Back-compatible with soundgen 1.2.X. The main change is abolishing the distinction between anchors (previously pitchAnchors, ampAnchors, etc.) and other vectorized arguments to soundgen (jitterDep, rolloff, etc.) Most vectorized arguments can now be either numeric vectors or dataframes.

NEW FUNCTIONS:

  • osc_dB(): draws an oscillogram (waveform) on a log-tranformed, dB scale. Analogous to the "Waveform (dB)" view in Audacity

MAJOR:

  • soundgen(), generateNoise(), beat(), fart(): the word "Anchor" is dropped from arguments (pitchAnchors, pitchAnchorsGlobal, glottisAnchors, amplAnchors, amplAnchorsGlobal, mouthAnchors, noiseAnchors).

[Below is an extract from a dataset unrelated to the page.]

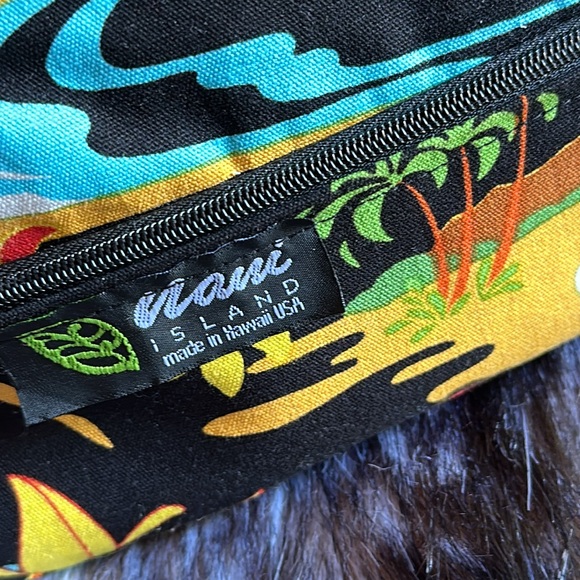 Nani Island *NWOT* Women’s Hula Girl Small Hip Pouch with Adjustable Waist Strap - Picture 5 of 11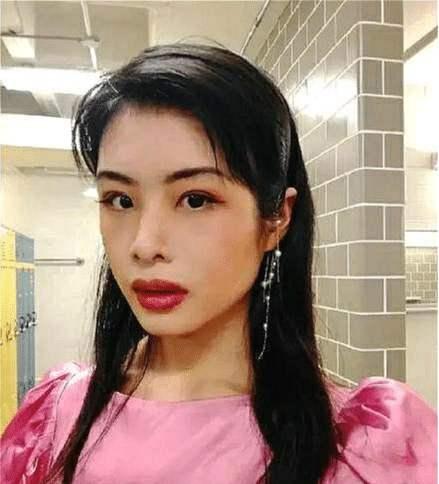 外籍华人回国被拒绝，高呼：你知道我身价多少吗？凭啥不让回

Write simply "pitch = ..., ampl = ..." instead of "pitchAnchors = ..., amplAnchors = ..."
  • soundgen(), generateNoise(), getRolloff(): vectorized arguments can be specified on a natural time scale, in the same format as all former anchors. Ex.: "jitterDep = data.frame(time = c(0, 150, 700), value = c(.2, 2, 0))". Affected arguments: vibratoFreq, vibratoDep, subFreq, subDep, jitterLen, jitterDep, shimmerLen, shimmerDep, rolloff, rolloffOct, rolloffKHz, rolloffParab, rolloffParabHarm, amDep, amFreq, amShape

MINOR:

  • soundgen() and related functions: "throwaway" is deprecated and replaced with "dynamicRange"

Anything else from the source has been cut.